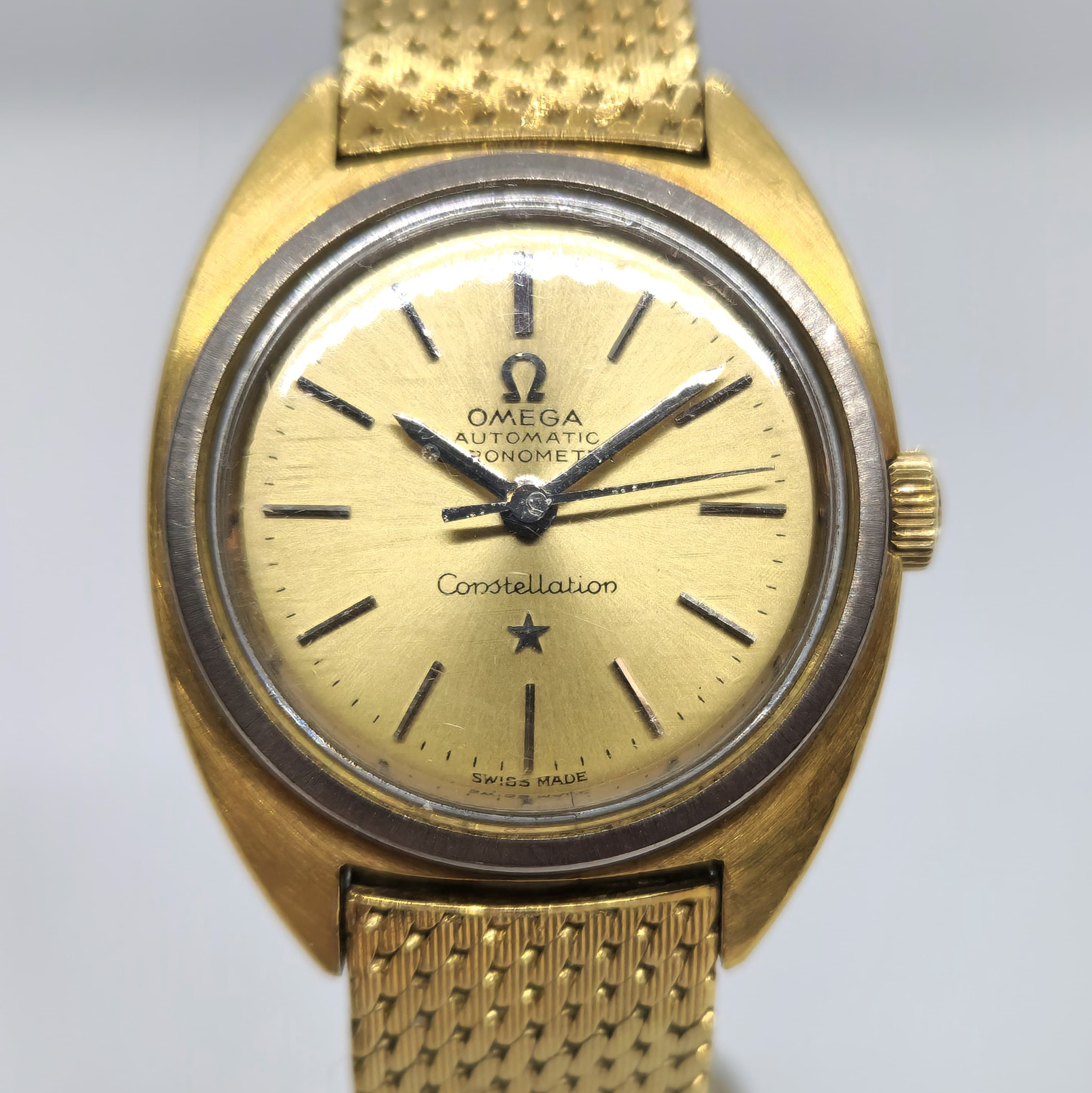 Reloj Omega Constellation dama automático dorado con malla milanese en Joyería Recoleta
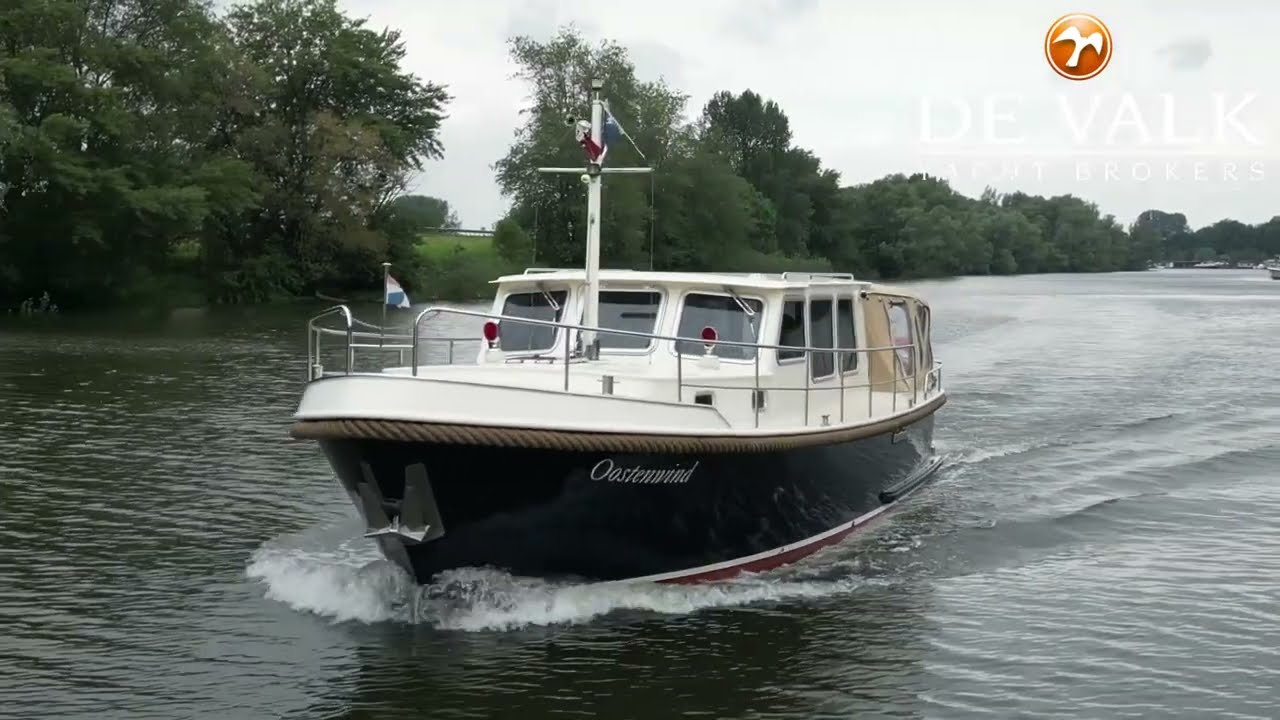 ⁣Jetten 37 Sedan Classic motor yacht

++++++++

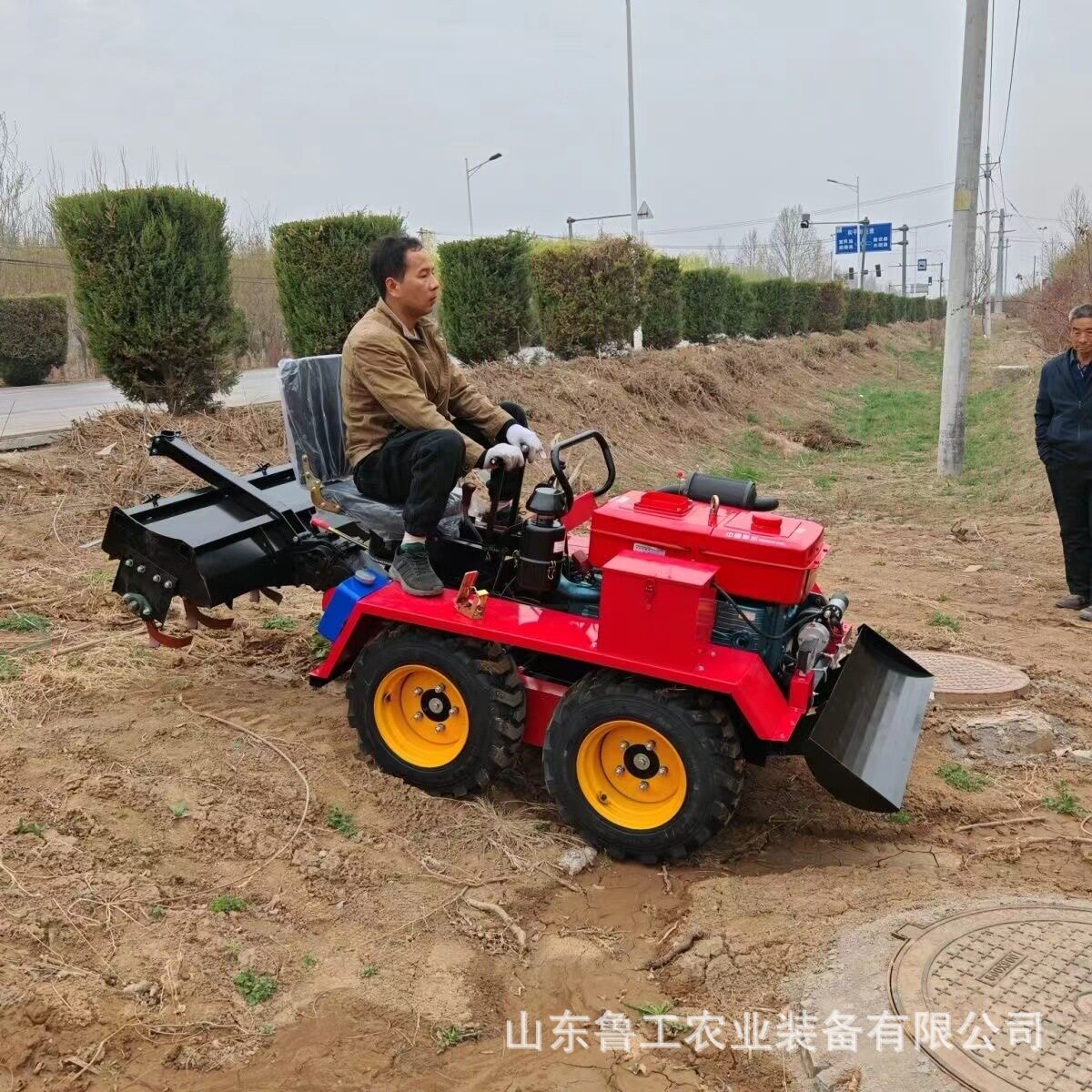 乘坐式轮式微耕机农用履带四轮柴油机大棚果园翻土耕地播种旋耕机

++++++++

● **Problem statement**:
Look above for the line with "Reloj Omega Constellation", then print it and each line after it down to and including the line with "Classic motor yacht". Leave out the pictures and keep the wording exact.

● **Solved exercise**:
 Reloj Omega Constellation dama automático dorado con malla milanese en Joyería Recoleta
 ⁣Jetten 37 Sedan Classic motor yacht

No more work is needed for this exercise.